**Exercise**
Transcribe each entry shown below with no difference from the original.

---+---

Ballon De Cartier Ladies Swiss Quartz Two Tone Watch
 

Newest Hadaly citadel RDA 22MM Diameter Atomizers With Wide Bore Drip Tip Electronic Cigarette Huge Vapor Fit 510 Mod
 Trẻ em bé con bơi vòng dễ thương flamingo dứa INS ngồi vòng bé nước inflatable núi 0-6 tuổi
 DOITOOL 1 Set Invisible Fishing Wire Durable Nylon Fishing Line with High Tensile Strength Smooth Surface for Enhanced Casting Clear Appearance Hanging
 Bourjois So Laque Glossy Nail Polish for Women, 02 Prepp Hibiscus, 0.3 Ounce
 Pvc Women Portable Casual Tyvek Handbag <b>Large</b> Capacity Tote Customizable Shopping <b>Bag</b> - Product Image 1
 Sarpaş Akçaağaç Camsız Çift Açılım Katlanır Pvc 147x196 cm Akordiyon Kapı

---+---

**Output below**
Ballon De Cartier Ladies Swiss Quartz Two Tone Watch
 

Newest Hadaly citadel RDA 22MM Diameter Atomizers With Wide Bore Drip Tip Electronic Cigarette Huge Vapor Fit 510 Mod
 Trẻ em bé con bơi vòng dễ thương flamingo dứa INS ngồi vòng bé nước inflatable núi 0-6 tuổi
 DOITOOL 1 Set Invisible Fishing Wire Durable Nylon Fishing Line with High Tensile Strength Smooth Surface for Enhanced Casting Clear Appearance Hanging
 Bourjois So Laque Glossy Nail Polish for Women, 02 Prepp Hibiscus, 0.3 Ounce
 Pvc Women Portable Casual Tyvek Handbag <b>Large</b> Capacity Tote Customizable Shopping <b>Bag</b> - Product Image 1
 Sarpaş Akçaağaç Camsız Çift Açılım Katlanır Pvc 147x196 cm Akordiyon Kapı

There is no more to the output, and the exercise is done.